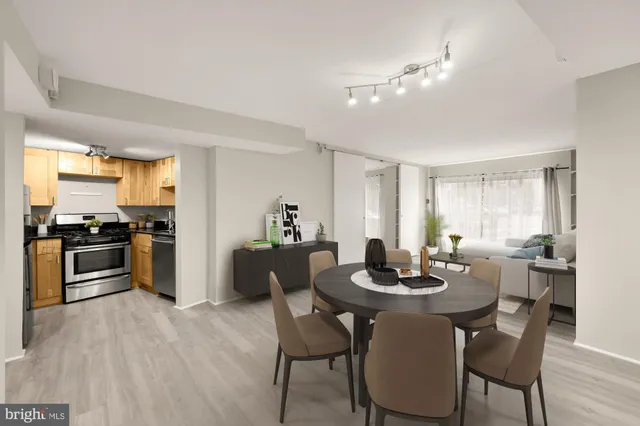 a kitchen with a dining table and chairs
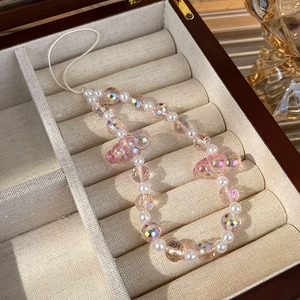 Detail of pink crystal and pearl cloud phone charm on a wooden jewelry display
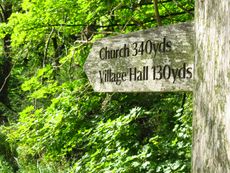A wooden fingerpost reads 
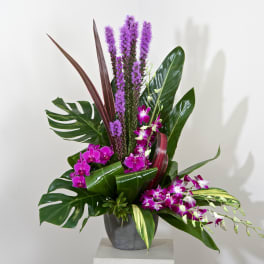 Tropical arrangement with purple orchids and tall purple spikes in a gray vase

● Exercise
Copy exactly, and only, the lines running from the one containing "A wooden fingerpost reads" through the final line of the data, and omit the pictures.

● Reply
A wooden fingerpost reads 
 Tropical arrangement with purple orchids and tall purple spikes in a gray vase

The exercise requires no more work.